In calculus, indeterminate forms occur when you try to evaluate a limit and end up with a form that does not easily point to a specific value. Common indeterminate forms include \( \frac{0}{0} \), \( \frac{\infty}{\infty} \), \( \infty - \infty \), \( 0 \times \infty \), and others.

They often appear when both the numerator and the denominator of a fraction tend toward zero. In these cases, additional algebraic manipulation or special techniques, such as L'Hôpital's Rule, are required to evaluate the limit further.

In the given exercise, we were fortunate that upon substituting \((x, y) = (-1, -2)\), the expression wasn't an indeterminate form. This allowed us to directly calculate the limit without additional techniques. Recognizing whether an expression is indeterminate shapes how you approach solving the problem. Once you identify indeterminate forms, knowing the proper techniques allows you to evaluate limits correctly.

Direct substitution is one of the simplest methods to evaluate a limit. When the limit expression is not indeterminate, direct substitution allows us to substitute the value toward which the variable tends directly into the equation.

This method is simple but powerful. If substituting values into the expression gives a well-defined number, you've successfully found the limit. As seen in the step-by-step solution of our exercise, substituting \((x, y) = (-1, -2)\) resulted in a straightforward computation: \(\frac{-3}{6} = -\frac{1}{2}\).

This approach effectively verified that the expression simplifies neatly without complications, making it suitable for easy computation. Always remember: direct substitution is your best first attempt at finding a limit if the expression is defined and non-indeterminate.

Multivariable limits involve functions of two or more variables, offering a more nuanced exploration compared to single-variable limits. These limits consider how expressions change as the variables approach specific values simultaneously.

To evaluate a multivariable limit, the process is quite similar to evaluating single-variable limits, but with an additional dimension in the variable space. You are determining how the function behaves as the variables approach specific points from all directions in their multidimensional space.

In our example, we assessed the limit \(\lim _{(x, y) \rightarrow(-1,-2)} \frac{x^{2}-y^{2}}{2xy+2}\).

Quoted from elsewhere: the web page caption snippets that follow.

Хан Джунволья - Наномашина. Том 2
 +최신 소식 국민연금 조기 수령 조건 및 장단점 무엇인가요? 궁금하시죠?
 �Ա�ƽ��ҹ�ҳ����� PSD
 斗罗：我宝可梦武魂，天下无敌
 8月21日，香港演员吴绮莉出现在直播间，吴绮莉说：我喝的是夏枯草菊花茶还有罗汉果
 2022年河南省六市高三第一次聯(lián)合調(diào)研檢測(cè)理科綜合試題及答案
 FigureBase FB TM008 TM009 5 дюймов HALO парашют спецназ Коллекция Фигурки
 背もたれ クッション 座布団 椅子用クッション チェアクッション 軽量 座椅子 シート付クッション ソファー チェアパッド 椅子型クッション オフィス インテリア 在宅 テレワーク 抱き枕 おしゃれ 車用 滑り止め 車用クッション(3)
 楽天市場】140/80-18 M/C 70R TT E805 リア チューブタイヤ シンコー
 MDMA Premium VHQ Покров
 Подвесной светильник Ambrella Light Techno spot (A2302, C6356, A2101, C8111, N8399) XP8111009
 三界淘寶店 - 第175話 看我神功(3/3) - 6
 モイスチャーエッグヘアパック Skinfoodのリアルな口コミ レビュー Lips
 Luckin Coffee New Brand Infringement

We evaluated it by substituting values directly, because the form was suitable for such treatment. However, for complex multivariable limits not conducive for simple substitution, approaching from different paths or using polar coordinates can sometimes provide further insight.

Understanding multivariable limits is crucial for analyzing real-world phenomena where multiple factors simultaneously change and influence outcomes.